Determine how many lines in the entries below contain "Images", and output that number alone.

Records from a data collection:
---------------

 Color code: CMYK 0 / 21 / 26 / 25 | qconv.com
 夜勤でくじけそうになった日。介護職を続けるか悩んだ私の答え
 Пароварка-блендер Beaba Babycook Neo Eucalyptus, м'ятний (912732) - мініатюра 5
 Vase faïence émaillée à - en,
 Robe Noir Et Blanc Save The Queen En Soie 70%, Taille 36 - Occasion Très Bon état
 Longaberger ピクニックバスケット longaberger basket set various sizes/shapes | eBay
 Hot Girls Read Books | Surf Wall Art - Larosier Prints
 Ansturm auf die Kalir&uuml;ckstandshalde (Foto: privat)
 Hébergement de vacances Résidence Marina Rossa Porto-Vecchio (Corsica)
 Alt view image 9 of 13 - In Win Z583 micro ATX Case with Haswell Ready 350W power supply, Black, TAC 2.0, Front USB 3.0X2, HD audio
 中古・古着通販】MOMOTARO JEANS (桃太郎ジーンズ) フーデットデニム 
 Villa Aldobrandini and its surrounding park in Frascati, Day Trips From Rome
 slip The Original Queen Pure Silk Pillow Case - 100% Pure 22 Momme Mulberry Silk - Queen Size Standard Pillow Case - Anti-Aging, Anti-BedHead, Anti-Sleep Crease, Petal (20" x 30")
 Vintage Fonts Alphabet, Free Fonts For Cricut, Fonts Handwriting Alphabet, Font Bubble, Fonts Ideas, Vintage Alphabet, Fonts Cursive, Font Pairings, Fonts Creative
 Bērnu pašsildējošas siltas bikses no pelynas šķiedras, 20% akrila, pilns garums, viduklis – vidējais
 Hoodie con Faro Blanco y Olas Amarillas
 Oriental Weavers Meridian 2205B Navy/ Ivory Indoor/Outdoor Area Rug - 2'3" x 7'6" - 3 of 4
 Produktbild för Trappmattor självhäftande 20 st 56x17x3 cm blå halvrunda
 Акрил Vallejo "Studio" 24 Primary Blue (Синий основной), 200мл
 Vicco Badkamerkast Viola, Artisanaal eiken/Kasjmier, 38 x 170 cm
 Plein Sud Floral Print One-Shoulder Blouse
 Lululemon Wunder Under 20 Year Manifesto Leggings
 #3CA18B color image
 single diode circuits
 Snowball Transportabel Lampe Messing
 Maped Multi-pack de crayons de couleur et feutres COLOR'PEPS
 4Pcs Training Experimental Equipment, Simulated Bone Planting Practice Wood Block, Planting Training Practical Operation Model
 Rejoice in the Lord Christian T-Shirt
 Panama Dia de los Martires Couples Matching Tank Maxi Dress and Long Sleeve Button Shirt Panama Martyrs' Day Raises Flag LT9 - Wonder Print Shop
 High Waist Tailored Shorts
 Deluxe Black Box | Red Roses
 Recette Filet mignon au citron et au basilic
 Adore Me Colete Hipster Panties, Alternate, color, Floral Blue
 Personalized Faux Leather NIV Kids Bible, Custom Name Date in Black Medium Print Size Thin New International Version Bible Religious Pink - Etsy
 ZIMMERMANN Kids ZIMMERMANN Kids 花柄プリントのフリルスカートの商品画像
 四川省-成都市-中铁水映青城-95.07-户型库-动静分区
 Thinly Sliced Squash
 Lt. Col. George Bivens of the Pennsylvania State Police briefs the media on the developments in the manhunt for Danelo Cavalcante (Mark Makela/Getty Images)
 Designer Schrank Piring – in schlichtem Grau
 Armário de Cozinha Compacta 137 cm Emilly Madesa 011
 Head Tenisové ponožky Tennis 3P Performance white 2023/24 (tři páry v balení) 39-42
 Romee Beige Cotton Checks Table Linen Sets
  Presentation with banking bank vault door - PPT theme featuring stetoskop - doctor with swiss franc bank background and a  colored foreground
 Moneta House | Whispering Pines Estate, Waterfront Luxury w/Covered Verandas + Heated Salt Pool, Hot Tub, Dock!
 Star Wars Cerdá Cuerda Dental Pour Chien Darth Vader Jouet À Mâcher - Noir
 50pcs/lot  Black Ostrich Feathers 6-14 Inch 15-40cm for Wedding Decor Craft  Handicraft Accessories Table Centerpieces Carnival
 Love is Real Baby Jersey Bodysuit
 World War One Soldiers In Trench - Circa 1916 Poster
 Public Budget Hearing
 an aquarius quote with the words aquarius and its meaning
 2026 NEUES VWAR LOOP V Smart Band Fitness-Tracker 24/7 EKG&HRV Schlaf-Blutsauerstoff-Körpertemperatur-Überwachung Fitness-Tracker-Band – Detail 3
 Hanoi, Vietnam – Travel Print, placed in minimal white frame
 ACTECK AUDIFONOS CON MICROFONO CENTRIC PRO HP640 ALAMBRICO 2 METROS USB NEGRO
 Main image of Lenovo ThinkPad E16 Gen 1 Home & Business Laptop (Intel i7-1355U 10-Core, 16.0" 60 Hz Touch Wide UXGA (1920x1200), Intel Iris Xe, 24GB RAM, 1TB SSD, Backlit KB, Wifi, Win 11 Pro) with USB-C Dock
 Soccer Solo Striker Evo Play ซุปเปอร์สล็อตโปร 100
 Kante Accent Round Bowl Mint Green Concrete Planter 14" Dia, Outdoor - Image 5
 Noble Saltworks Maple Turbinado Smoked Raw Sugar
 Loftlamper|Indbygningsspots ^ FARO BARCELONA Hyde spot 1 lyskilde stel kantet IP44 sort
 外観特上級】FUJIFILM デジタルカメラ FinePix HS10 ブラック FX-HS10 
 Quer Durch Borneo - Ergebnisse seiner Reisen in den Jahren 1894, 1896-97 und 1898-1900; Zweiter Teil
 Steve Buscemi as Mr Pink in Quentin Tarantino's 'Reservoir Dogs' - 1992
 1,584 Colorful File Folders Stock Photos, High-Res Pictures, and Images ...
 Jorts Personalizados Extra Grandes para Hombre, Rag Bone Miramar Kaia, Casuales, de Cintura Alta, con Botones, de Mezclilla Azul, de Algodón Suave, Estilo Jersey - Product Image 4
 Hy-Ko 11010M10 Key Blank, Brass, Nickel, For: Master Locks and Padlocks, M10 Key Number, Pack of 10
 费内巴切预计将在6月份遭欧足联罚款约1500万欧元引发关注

---------------

> _Response area_: 2